A tale of two Christophers

As a neurosurgery student, Sheila Singh was on a six-month rotation at Toronto’s Hospital for Sick Children when she met two little boys named Christopher.

They were both just five years old and both very sick with medulloblastoma, a malignant brain tumour found in children.

At five years old, the medulloblastoma survival rate is 60 per cent.

Both boys’ tumours looked the same under the microscope, and both boys received surgery, chemotherapy and radiation—the gold standard in medical care. But the boys had very different responses to the treatment.

One Christopher survived and is still alive eight years later. The other died.

For the second Christopher, the gold standard wasn’t good enough.

“It’s just devastating for families,” says Singh. “And we had no answers to give the families to explain why one of the Christophers died and the other Christopher was a brain tumour survivor. I realized after caring for them that I would never understand why unless I learned more about the actual biology of brain tumours.”

Singh went to work on the problem.

Earlier studies of blood diseases had showed the role stem cells play in generating leukemia, so Singh decided to see if there were similar, cancer-initiating cells in the brain.

She found that this was indeed the case, discovering what is now called the Brain Tumour Initiating Cell.

She also found that the cells have a marker, called CD133. It’s a receptor on the surface of the cell, which can be detected using light. This helps doctors separate the malignant cells from the healthy ones, making it easier to develop cancer therapies less invasive than surgery and less toxic than chemo and radiation.

“If we just look at medulloblastoma alone, there’s been a huge explosion of data since I trained as a resident, when we knew very little about the biology of the disease. In just 20 years the five-year survival rate has improved remarkably, because of how we’ve been able to tailor and improve the current chemotherapy and radiation protocol.

“Looking back, I think that the one Christopher had a type of tumour that was composed more of aggressive cancer stem cells. Those cells are the cells who escape radiation and chemotherapy, because radiation and chemotherapy target actively dividing cells, and these cancer stem cells can hide out in a dormant state and go into a state where they’re not dividing specifically to evade those therapies. Then afterwards you look at the child and 90% of the tumour is gone and the child looks well, and you think, ‘Oh good. They’ve responded to chemo and radiation.’ But if some rogue stem cells have broken away and hidden, the cancer returns.”
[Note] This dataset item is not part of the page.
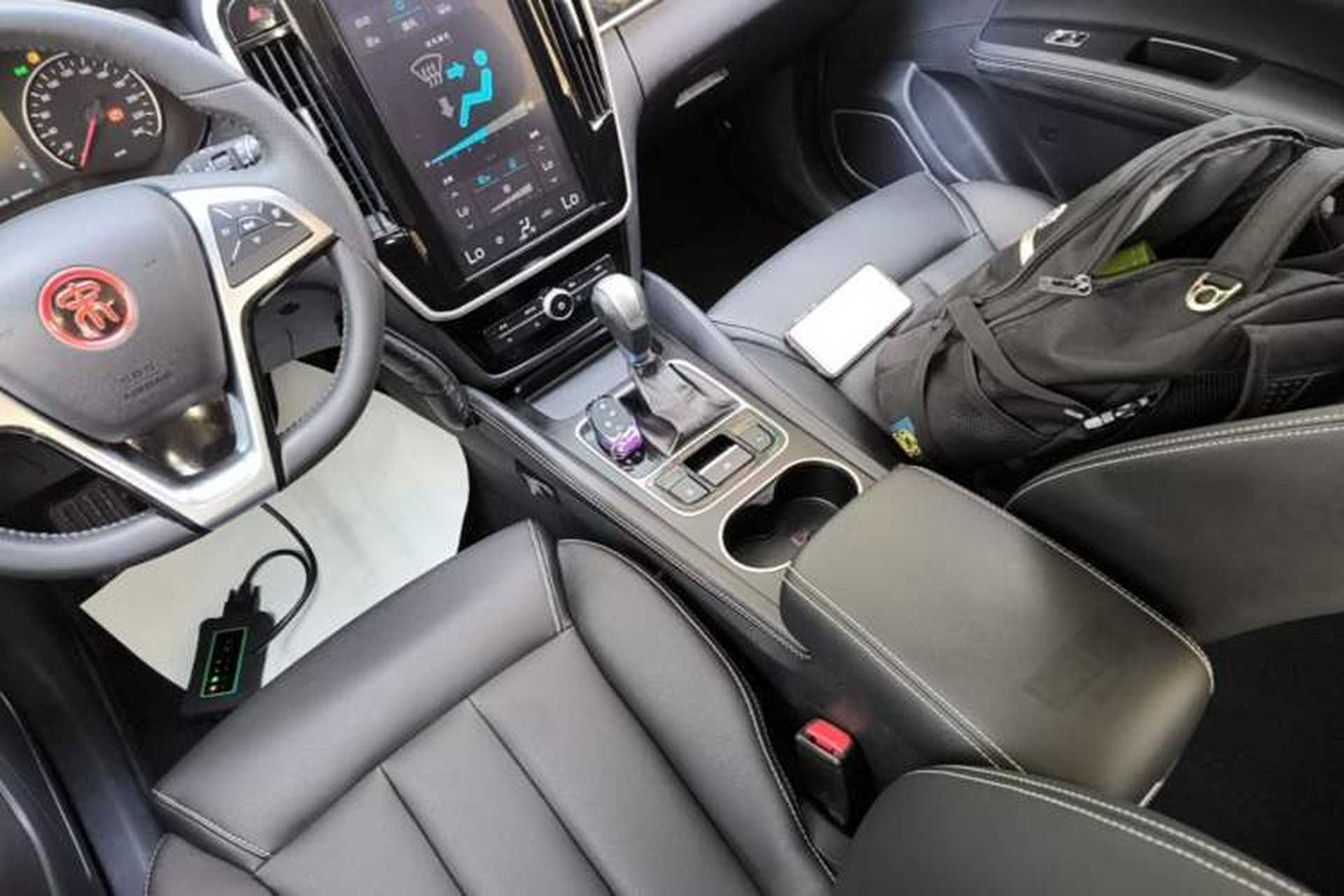 Used BYD Song MAX 2017 1.5T Automatic Smart Connect Elite 7-Seater Gear Lever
Singh sees cancer as a dynamic disease. “When we look at cells under a microscope, we’re only seeing a snapshot of that phase of the tumour. It changes in response to treatment.”

Singh and her team are now studying tumours implanted into mice and seeing how the cells change in response to treatment. Her goal is to better understand what is happening at the moment those cells go rogue and start a new tumour in the patient. Her work has provided some answers as to why one Christopher developed a recurrence.

“His tumour was probably a molecular subtype that is very aggressive and has a higher fraction of these cancer stem cells. If we had known that, we could’ve predicted that this Christopher was going to relapse and perhaps we could’ve found a way to target those cancer stem cells with a different therapy.”

This is precisely what Singh is working on now. “Radiation and chemotherapy are systemic therapies, which mean they affect and target every rapidly dividing tissue in the body. So there’s so much toxicity that these children experience. If we could discover a targeted therapy that only hits the cancer cell we could actually also improve the quality of life of the survivors of brain cancer.”

She’s focusing her research on finding a targeted therapy that works well enough so doctors may not even have to operate on these tumours.

“Maybe there will be a day where we can cure tumours with medicine.”

Singh says McMaster is the right place to do research that makes an impact. “It is known around the world as a centre of expertise for evidence-based medicine, for clinical epidemiology, and for clinical trials. That’s why it’s good to be at McMaster, because at the end of the day and at the end of my career I want to be able to move our discoveries into clinical trials.”